_About this exercise:_ The answer is the data repeated in full, with no pictures included.

Recorded information: Begin

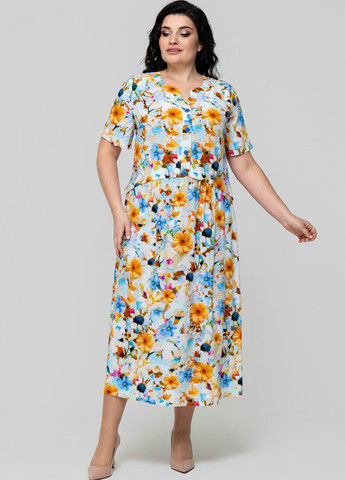 Голубое кэжуал платье а-силуэт A'll Posa с цветочным принтом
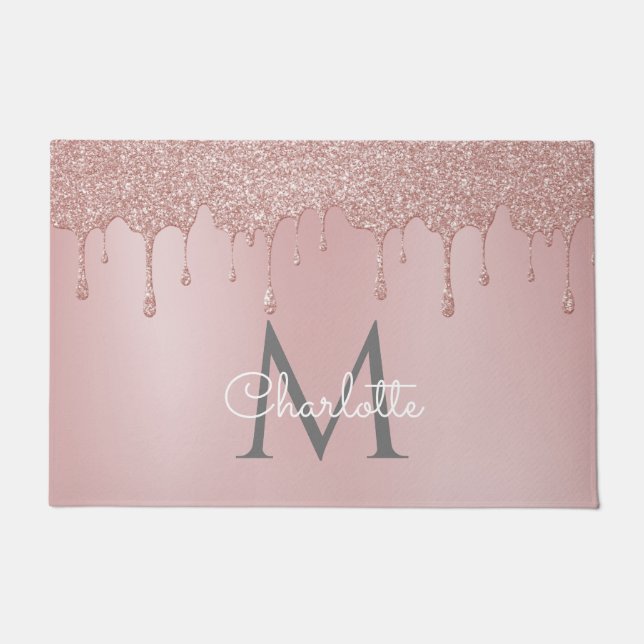 Pink Glitter Drips Monogram Elegant Girly Script Doormat (Front)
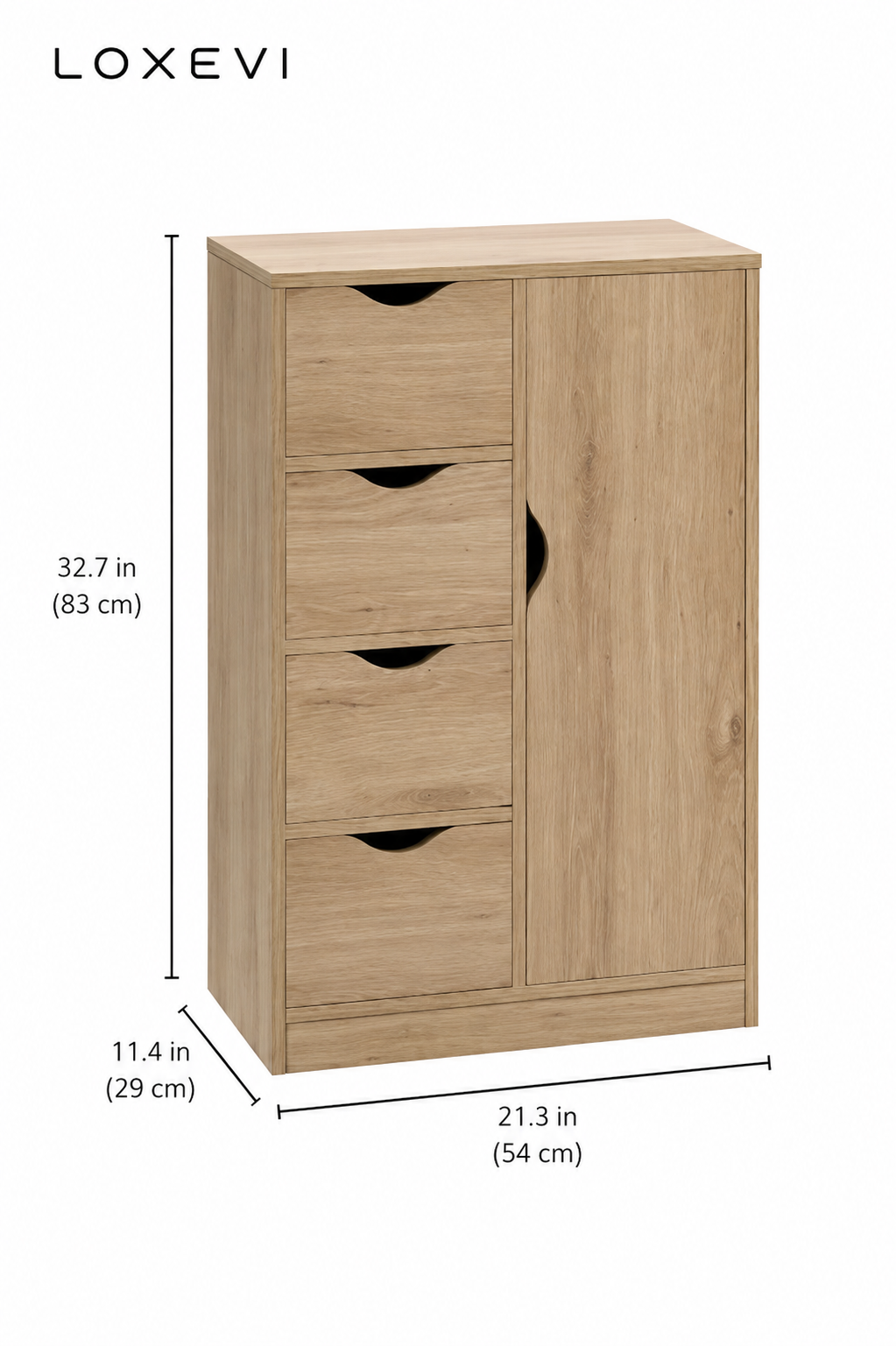 Oak Living Room Storage Cabinet Loxevi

Recorded information: End

_Answer to this problem:_
 Голубое кэжуал платье а-силуэт A'll Posa с цветочным принтом
 Pink Glitter Drips Monogram Elegant Girly Script Doormat (Front)
 Oak Living Room Storage Cabinet Loxevi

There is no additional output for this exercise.